Die Umstände haben geholfen
Platz und Raum kosten aber oft jede Menge Geld. Heute sogar noch mehr als zu der Zeit, als Familie Kramps das Projekt angegangen ist - 2015 nämlich. „Da kann es helfen, wenn so ein Gebäude schon mal niemand mehr haben möchte oder es auch einen größeren Sanierungsstau hat“, sagt Anna Terletzki. Erwähnenswert ist in diesem Zusammenhang auch der Denkmalschutz, der viele Leute abschreckt, geschützte Bauten zu kaufen. „Man kann es sich aber sehr schön machen und trotzdem den Geist eines so alten Gebäudes erhalten. Das eine schließt das andere nicht aus. Man muss sich einfach trauen.“
Die Herrschaftlichkeit alter Zeiten
Das haben sie. Und so leben sie heute in einem Gebäude, das durch die individuelle Einrichtung sehr moderne Züge trägt, in seinen Grundfesten aber von seiner Herrschaftlichkeit, seiner historistischen Anmutung und diesem Geist einer Zeit, in der Bedienstete hier den Alltag schmissen, nichts verloren hat. Aus dem Fenster eines Wohnzimmers mit Kamin sieht man draußen, auf der gegenüberliegenden Straßenseite, die evangelische Kreuzkirche stehen. Den Platz dafür hatte die Familie Hülsberg einst gestiftet. 1903 wurde sie eröffnet. Die Hülsbergs stifteten auch die ursprünglich im Glockenturm hängenden Bronzeglocken.

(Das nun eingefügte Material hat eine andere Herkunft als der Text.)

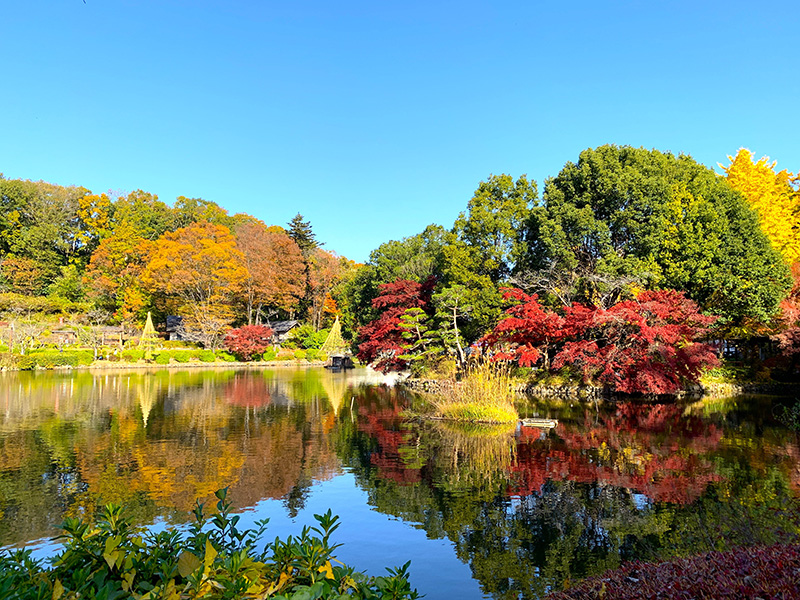 秋色に染まる公園の紅葉を楽しもう！「町田薬師池公園 四季彩の社」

Keimzelle der Vorhaller Entwicklung
Eine alte Aufnahme aus dem Jahr 1920 zeigt die „Partie an der evangelischen Kirche“. Der Platz vor der Kirche ist noch nicht verbaut und eine freie Wiese. Neben der Hülsberg-Villa sind nur zwei weitere stattliche Bauten zu sehen. An der Vorhaller Straße entwickelten sich neben dem Haus, in dem nun Familie Kramps lebt, weitere Villen, die heute noch dort zu sehen sind. Im Übrigen wurden die Hülsbergs auf den Gütern Oberste und Niederste Hülsberg geboren. Niederste Hülsberg - einst ein stattliches Bauerngut - verwest heute in der Kurve an der Weststraße auf dem Weg nach Wetter vor sich hin.

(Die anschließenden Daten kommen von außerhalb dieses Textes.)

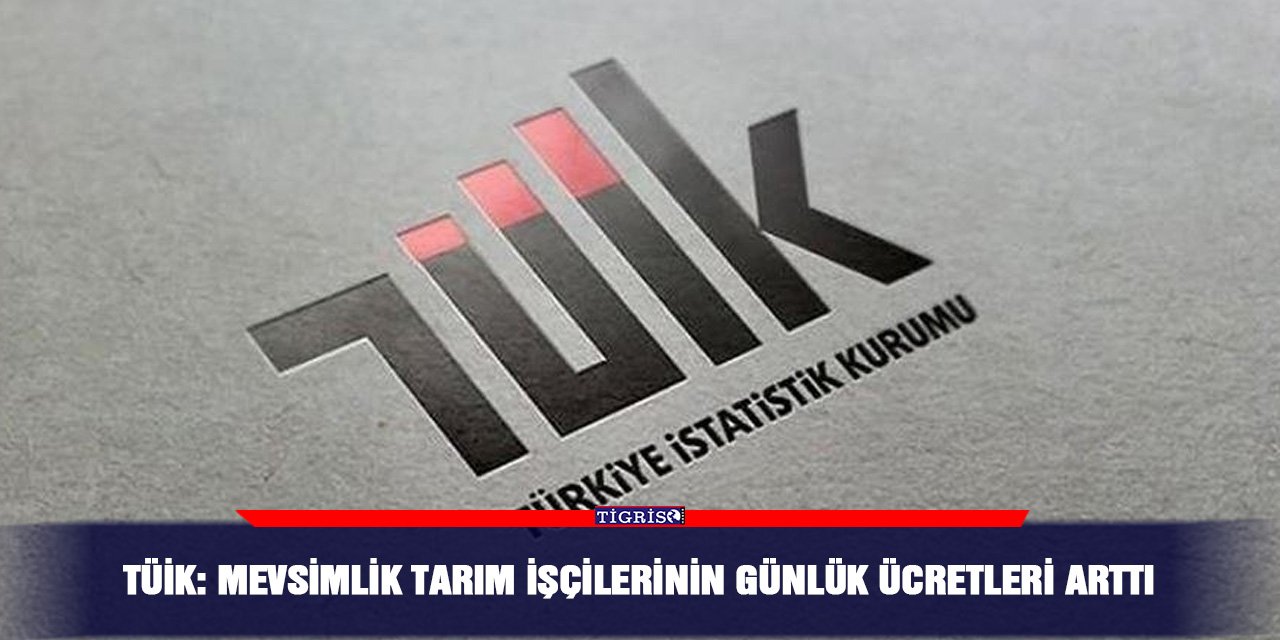 TÜİK: Mevsimlik tarım işçilerinin günlük ücretleri arttı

Leben in historischer Keimzelle
„Wir haben hier unser Glück gefunden“, sagen Anna und ihre Mutter Tina stellvertretend für die ganze Familie. Vorhaller waren sie ohnehin durch und durch. Nun schreiben sie in einem geschichtsträchtigen Haus ihre eigene Geschichte weiter. Aus der oberen Etage der Wohnung von Anna Kramps blickt man übrigens auf den Kaisberg und den Freiherr-vom-Stein-Turm. Leben in einer historischen Keimzelle.